Commercial Division Blog
Posted: February 14, 2022 / Written by: Jeffrey M. Eilender, Samuel L. Butt, Seth D. Allen, Joshua Wurtzel, Hillary S. Zilz / Category Commercial Division Justices
Party Not in Compliance with Lien Law Where Party Failed to Identify With Specificity Which Items Had Already Been Paid
On January 16, 2022, Justice Masley of the New York County Commercial Division issued a decision in Matter of FPG Maiden Lane, LLC v. Pizzarotti, LLC, 2021 NY Slip Op 30098(U), holding that a party was not in compliance with Lien Law § 38 where the party failed to distinguish between charges already paid and charges not paid, stating:
A lienor who has filed a notice of lien shall, on demand in writing, deliver to the owner or contractor making such demand a statement in writing which shall set forth the items of labor and/or material and the value thereof which make up the amount for which he claims a lien, and which shall also set forth the terms of the contract under which such items were furnished." (Lien Law § 38.) The legislative intention of the Lien Law is to provide itemization that allows the owner to check the items claimed in the lien. (819 Sixth Ave.
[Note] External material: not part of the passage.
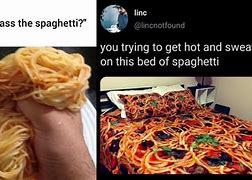 Image result for Spaghetti Sauce Meme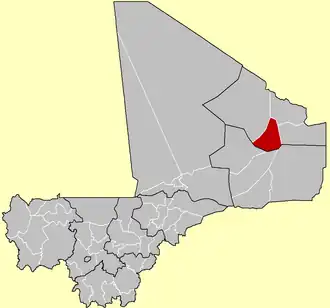 Cercle de Kidal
Corp. v T. & A. Assoc., Inc., 24 AD2d 446, 446, 260 N.Y.S.2d 984 [1st Dept 1965].) The lienor must provide the description, quantity, costs, and rates for materials and labor charged. (Id.) The court may cancel and discharge a lien if the lienor fails to property itemize the charges that form the lien. (LV Const. Services LLC v Manhattan Professional Group, Inc., 149 AD3d 640, 641, 53 N.Y.S.3d 275 [1st Dept 2017].)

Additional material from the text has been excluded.